Le droit public est du domaine de l’autorité. Or celle-ci, d’après le réalisme, est au-dessus de la morale et est aussi la source du droit. L’autorité comprend l’État, l’Église et les rapports internationaux. À l’égard des différents systèmes de gouvernement on a souvent posé cette question : quel est le meilleur ? Nous ne devons point nous étonner, diaprés les aveux du réalisme, qu’il dédaigne cette question, et qu’il réponde que ce qui existe, quel qu’il soit, est le meilleur, et le mieux approprié au peuple qui y est soumis. Par conséquent, l’auteur ne condamne ni les coups d’État, ni les révolutions. Le principe qui triomphe a raison. — Poussant ces théories plus loin, il nie la possibilité d’en finir avec les guerres, ou de faire accepter l’arbitrage, à moins qu’il ne s’agisse de questions peu importantes.

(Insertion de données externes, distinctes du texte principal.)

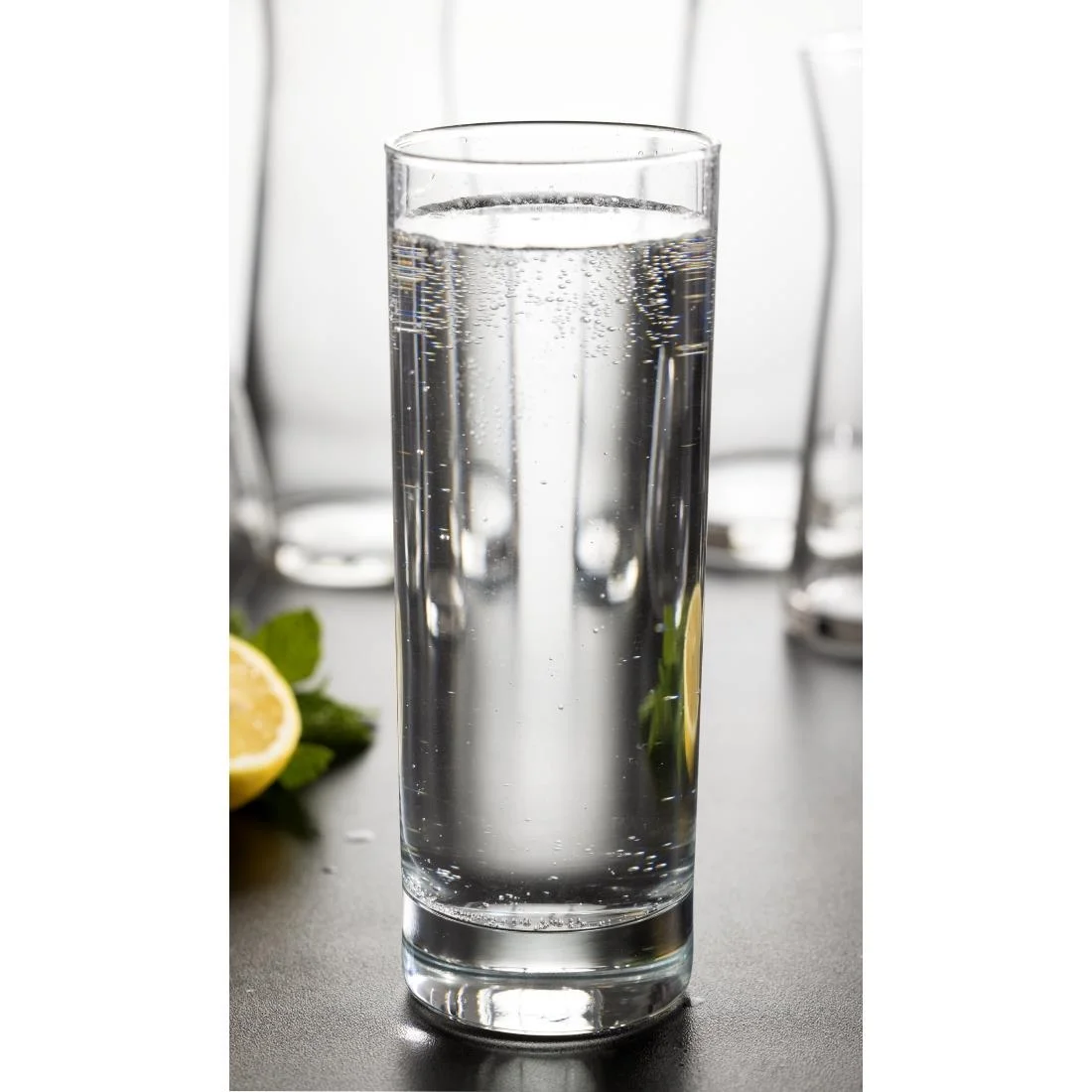 Olympia Tall Hi Ball Tumblers 320ml (6 pack) - Image 2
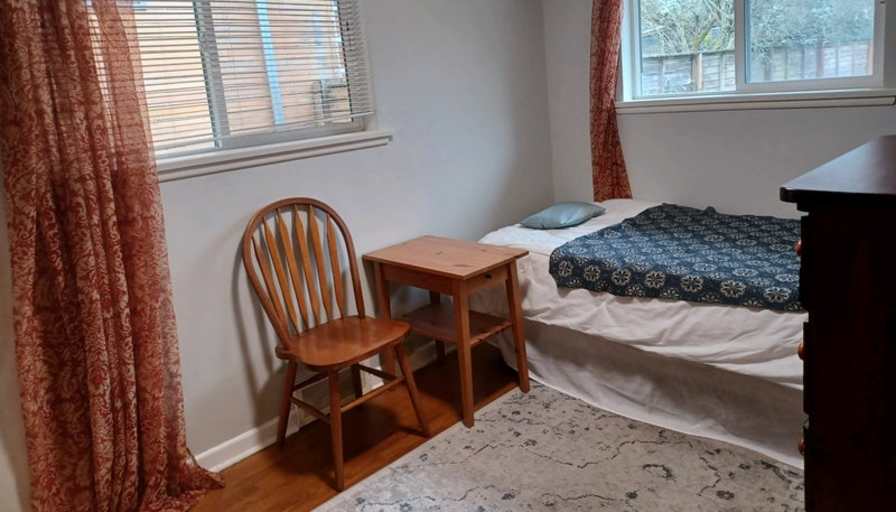Gary's room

La science a codifié les lois. Il y a même des législateurs qui se sont opposés à ce qu’on les critique. Mais tout jugement est sujet à des erreurs qui troublent la vie morale. Quand cet état de choses a été insupportable, on y a remédié en modifiant les lois.

Nous avons vu que le réalisme constate seulement ce qui existe en fait de morale et en fait de droit. Il n’est pas étonnant qu’il rejette dédaigneusement toute idée de progrès moral, malgré tout ce qui a été écrit pour soutenir le contraire. Il s’appuie sur la morale qui a prévalu chez les Grecs, les Romains et d’autres peuples, pour démontrer qu’il n’y a pas d’idéal immuable, mais que l’histoire nous montre une variété de mœurs résultant de l’autorité prépondérante.

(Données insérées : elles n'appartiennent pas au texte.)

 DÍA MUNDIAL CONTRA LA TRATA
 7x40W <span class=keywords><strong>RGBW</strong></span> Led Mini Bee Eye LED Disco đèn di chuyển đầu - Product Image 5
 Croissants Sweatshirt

L’Esthétique[1]. — L’homme a créé un monde idéal de beauté où il se réfugie contre les misères de la vie. Ce sentiment s’appuie sur la représentation d’objets réels. Le réalisme y voit le portrait idéalisé de la réalité qui existe dans l’âme.

Kirchmann expose en détail ce que c’est que la beauté et donne beaucoup de subdivisions du beau, mais nous trouvons qu’elles se rattachent toutes à deux : le beau naturel et le beau artificiel, soit qu’on les appelle sublime, beau simple, symbolique, classique et romantique. — Tout réaliste qu’est Kirchmann, il se trouve forcé d’admettre que la réalité prosaïque, telle que les soucis, la fatigue, la dévotion, peu

  1. Katechismus der Philosophie, p. 175, 225.